Saturday, 4 December 2010


I have been reading 'Could do better:Using international comparisons to refine the National Curriculum in England' and it makes depressing reading...                                                                                                                                                                                                                                                                                                                                                                
This report draws on examples to support an unhelpful and corrosive approach which is that the work that we have been doing here in Leeds and nationally over the last ten years hasn't achieved the necessary transformation in outcomes, that the curriculum is broken and the whole system needs to be fixed. The report fails to understand that we are at a stage in the development of teaching and learning because of the work we have been doing over the last ten years and a lot of that work has been outstandingly successful here in Leeds.  Ten years ago, no-one would have believed the transformation in outcomes we have achieved and our shared success has been driven by a dynamic and creative process that has taken the best of National Strategies programmes and the best practice from across the city, the region and the country to drive continuous improvement so that every school in Leeds becomes a great school.
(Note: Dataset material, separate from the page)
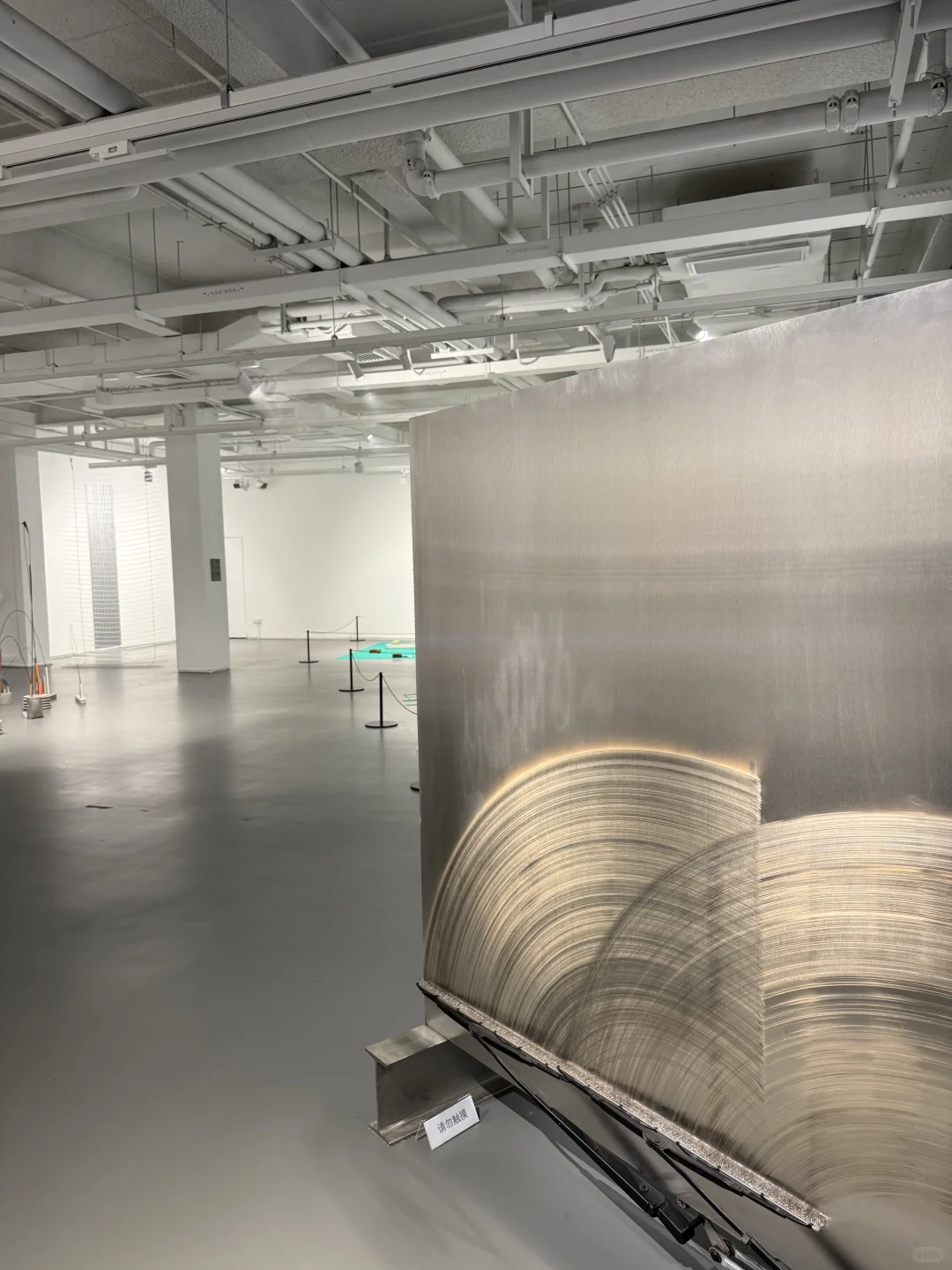 36w孕晚期带崽看展穿搭?重美术馆太好拍了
And we haven't ignored international models because our relationship with Stockholm and Helsinki has been part of that learning journey. Interestingly, the report looks at the Finnish model where, like us, ten years ago there was little to celebrate in terms of international comparisons. What is important with any analysis of the Finnish system is their steady progress during the past three decades has been built on some important foundations: increased educational attainment and literacy within the adult population, widespread equity and fairness in terms of learning outcomes and the performance of schools and a culture which values and celebrates education and learning, within a system where private education simply doesn't exist.
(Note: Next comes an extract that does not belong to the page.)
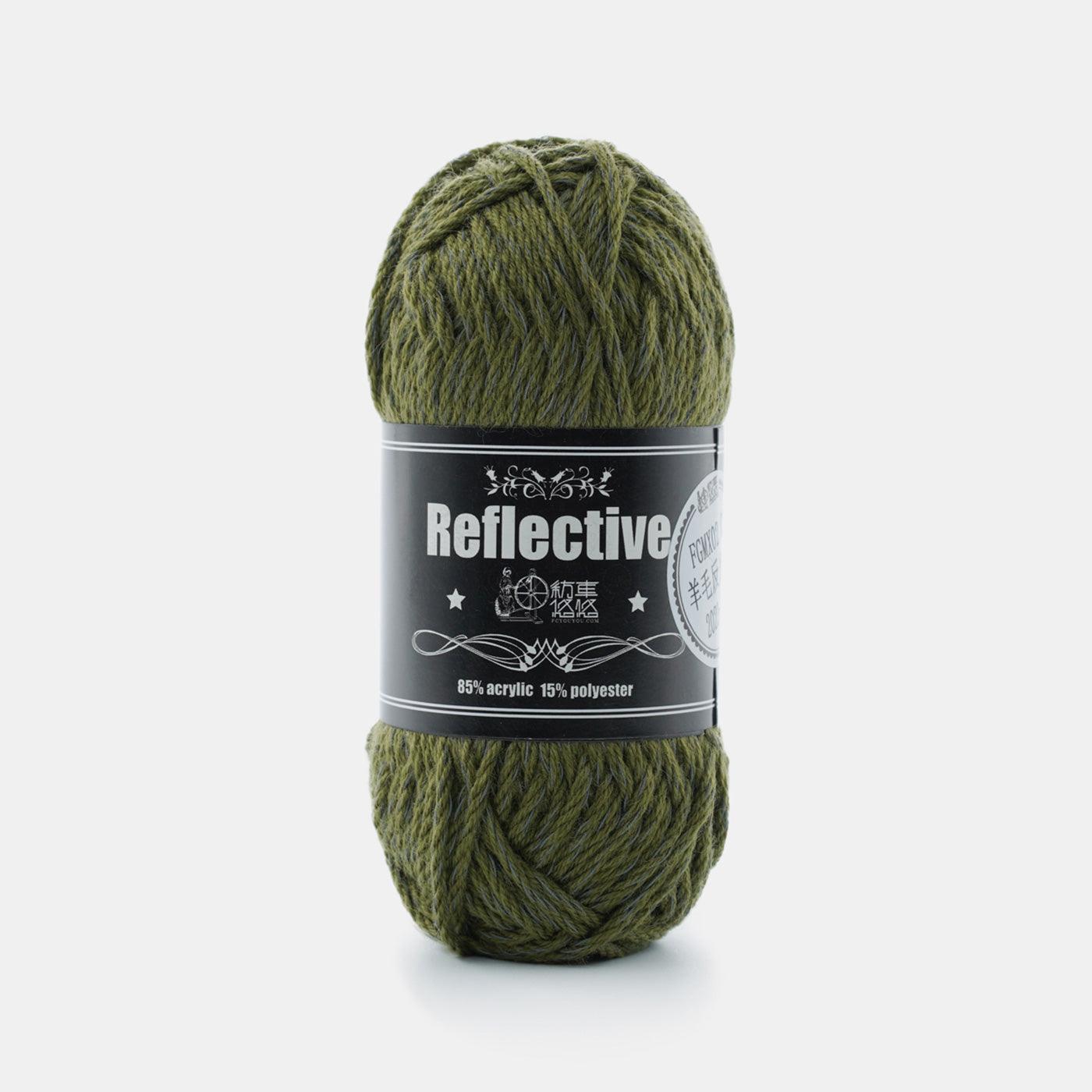Premium Wool Reflective Yarn Knitting Yarn(5 colors)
And perhaps more significantly and unlike many other education systems, tests and external standards have not been part of Finnish education policies. Improvements in learning and student outcomes have been achieved through policies based on equity, flexibility, creativity, teacher professionalism, and mutual trust and respect. The conclusion we should draw is that educational success in Finland, and here in Leeds, has been built upon ideas that place an emphasis on teaching and learning, encouraging schools to work cooperatively and collaboratively, creating powerful learning environments and developing educational content and coaching and mentoring approaches that best help young people reach their personalised goals.

What we have achieved has been a learning journey and the trajectory of improvement has been impressive. We can't simply dismiss what we've learnt over the last ten years and like in Finland we must continue to riforously and relentlessly focus on teaching, learning and creativity rather than simply concentrating on passing tests and exams... and we must never lose sight of the values that have underpinned what we have achieved; equity, flexibility, creativity, trust and respect.